>just another week in pepper spray history

>I’m getting a kick out of watching the “other” news of the RNC, that is, the protests outside the convention that are not really being covered much by the mainstream news. But first, here’s a recruitment video made by the RNC Welcoming Committee (an anarchist/anti-authoritarian organizing body) prior to the convention:


I love it. Fun, goofy, and it indicates a major aspect of the protests, that is, they’re thrilling to do. In other words, being a protester, though driven by apparently deeper meanings, is also something people do because it’s an exciting form of entertainment – like playing sports, but more important. I have to say that after watching the following videos I would much rather be with the protesters than inside the convention, though I am not so anarchist in my philosophy, or so anti-authoritarian in my reactions – though I am a little of both.

This video also highlights the reality that contemporary political/social movements are leveraging new media forms with aplomb. Modern protests are far more organized and prepared than they used to be, but so is the response.

[Side Note: So far eight members of the RNC Welcoming Committee have been arrested and charged as terrorists.
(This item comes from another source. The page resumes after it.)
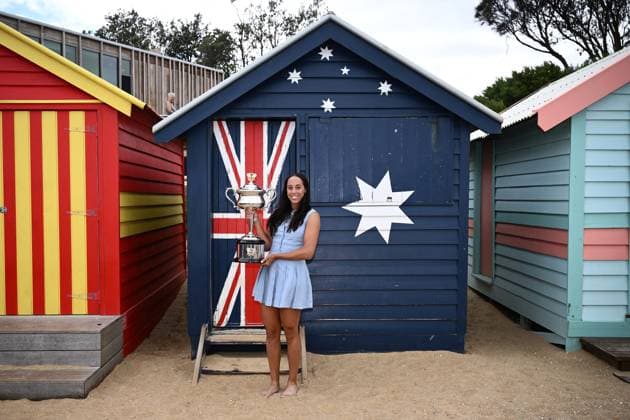 AUSTRALIAN OPEN WOMENS FINAL WINNER, Madison Key of the USA poses for a photograph the with the Daphne Akhurst Memorial Cup at the Brighton Bathing Boxes in Melbourne, Sunday, January 26, 2025. Madison Keys has claimed her maiden Grand Slam singles title, winning the Australian Open 2025 women?s crown at Melbourne Park. ( NO ARCHIVING, EDITORIAL USE ONLY, NO USE IN BOOKS WITHOUT CONSENT MELBOURNE VICTORIA AUSTRALIA  Copyright: xJOELxCARRETTx 20250126194597962536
Plus the I-Witness Video Collective has been evicted from their offices after police raided their building on what look to be trumped up charges. That group was responsible for videotaping much of the 2004 RNC protests and those videos led to most of the cases against the arrested protesters to be dropped. Apparently case after case the videos showed the police officers had lied. That may be why the police don’t want cameras taping them this time around.]

Now that it’s been a couple of days since the initial protests outside the RNC a number of videos have been appearing online. The first three below are video/photo collages that offer some overview of what is going on. There is some overlapping content between the three videos. At a minimum these collages offer some interesting psychological and sociological data to consider.

Finally, here is one of the most interesting, entertaining, and low quality (read verité) videos from the protests. I love the personal commentary.

Of course, one has to ask if any of these protests, violent or peaceful, have any objective value beyond the personal sense of making a statement. It is important to make statements, to carry signs and rant, to march and, hopefully, get on the news, but what is actually accomplished? The RNC continued on as though no one is protesting, as though the protests are so insignificant and inconsequential as to not even warrant a sideways glance. I also believe some of the same protests were deserved at the DNC, but I don’t remember if there were any.

I am reminded of two quotes by Mahatma Gandhi:

“It is better to be violent, if there is violence in our hearts, than to put on the cloak of nonviolence to cover impotence.”

“Victory attained by violence is tantamount to a defeat, for it is momentary.”

These quotes underline the balancing acts in both effective protesting and in cracking down on protesters. Both sides have to live with the consequences of their actions, and ask the question “what really was accomplished.” I cannot help but think the actions and the style of the police will only lay the foundation for more of the same, and then bigger and more substantial protests. In the end the police, and those who back them, will likely lose the battle. In the mean time I fear many citizens will be hurt.